Franzen’s discussion amounts to a declaration that Stead is unquestionably a writer’s writer. Over time she has been championed by Saul Bellow, Lillian Hellman, Angela Carter, Barnard Eldershaw, David Malouf. It is no accident that her latest reflorescence is in large measure due to Franzen’s enthusiastic advocacy in the New York Times last year.
Publishers also have championed her, and here Melbourne University Publishing’s Louise Adler takes her place in a distinguished line-up that begins with Peter Davies in London in the 1930s. Adler commissioned Hazel Rowley’s important biography for William Heinemann Australia in 1993, then published a revised version from MUP. She also published my edition of the letters between Stead and her husband William J. Blake, Dearest Munx (2005).

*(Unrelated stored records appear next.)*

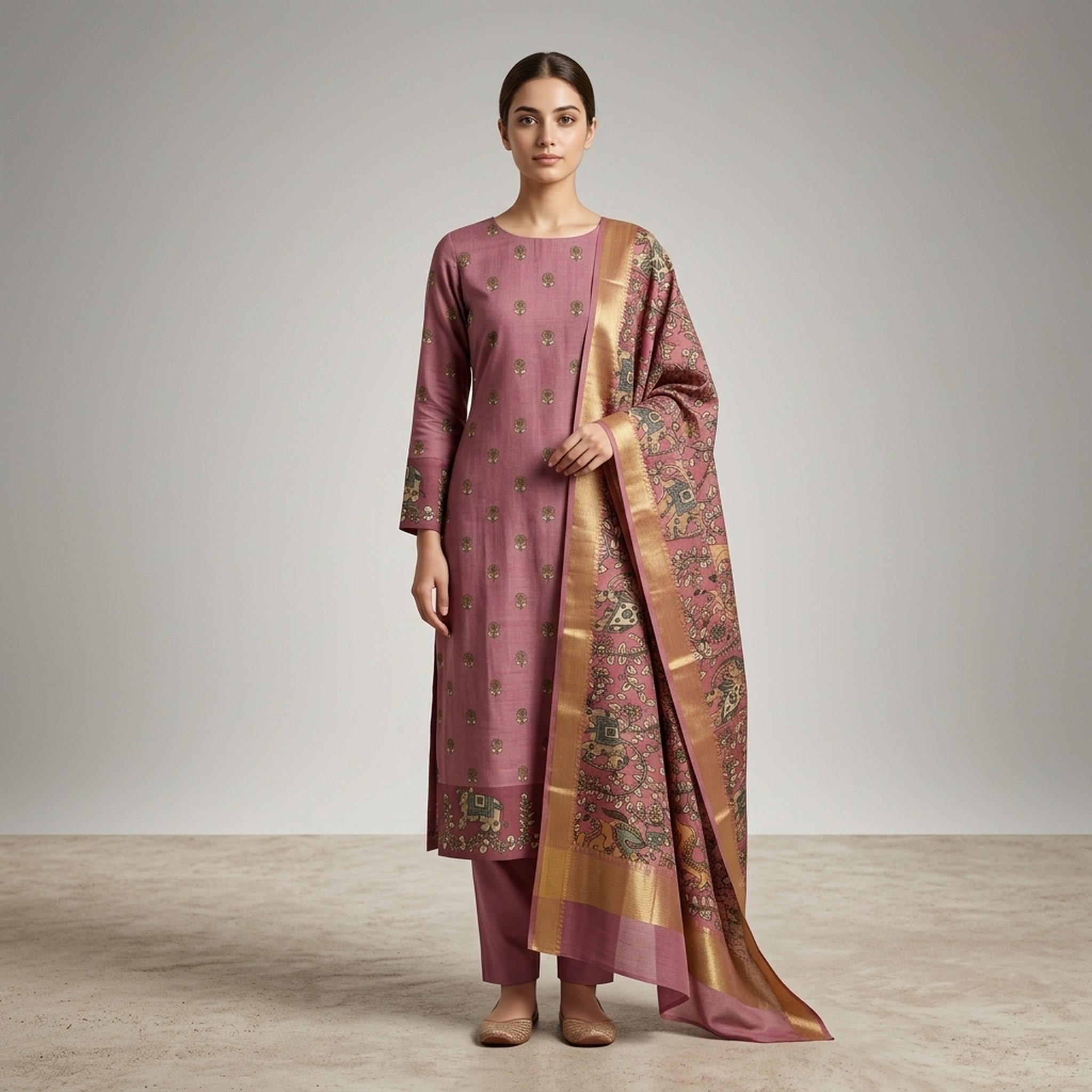 Noopur Clothing Mauve Traditional Unstitched Suit Set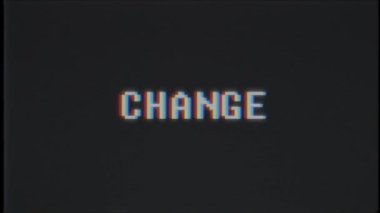 Retro video oyunu değiştirmek kelime metin bilgisayar eski tv arıza parazit gürültü ekran animasyon sorunsuz döngü yeni kalite evrensel vintage hareket dinamik animasyonlu arka plan renkli neşeli video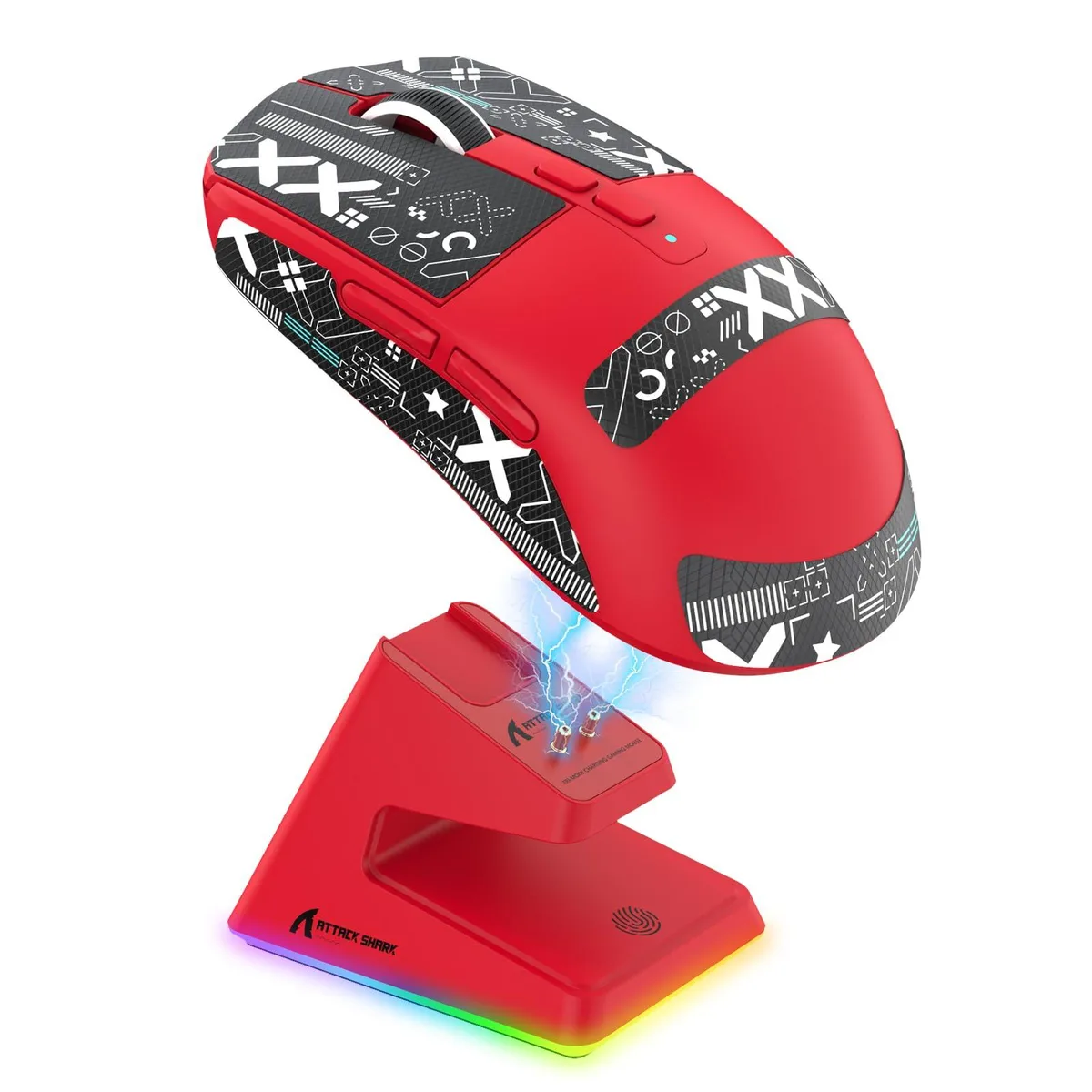 Black ultra-light wireless gaming mouse with magnetic RGB charging dock, right-handed ergonomic shape, 49g weight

Probably the most decisive moment in Stead’s publication history, however, was the reissue of The Man Who Loved Children by Holt, Rinehart & Winston in 1965, at the instigation of Stanley Burnshaw. This edition brought Stead the most sustained attention she ever experienced, and led to the appearance of novels such as Cotters’ England (1966) and Miss Herbert, The Suburban Wife (1976), in which no publisher had been interested in the postwar period following her return to Europe from the United States in 1947. Carmen Callil at Virago in the 1970s and early 1980s reissued a number of titles, as well as publishing posthumously the extraordinary I’m Dying Laughing in 1986. It is appropriate therefore that Callil should introduce the second in the Miegunyah series, Letty Fox: Her Luck (1946). For Love Alone (1944), with an introduction by Drusilla Modjeska, is on the way as the third title. In a sense, MUP is now picking up the mantle of Angus & Robertson, whose editions in the mid-1960s of the novels with Australian settings, Seven Poor Men of Sydney (1934) and For Love Alone (1944),coincided with the reissue of The Man Who Loved Children. A&R made further amends for its earlier rejection of Stead by publishing The Little Hotel in 1973, and subsequently keeping a number of her works in print well into the 1990s.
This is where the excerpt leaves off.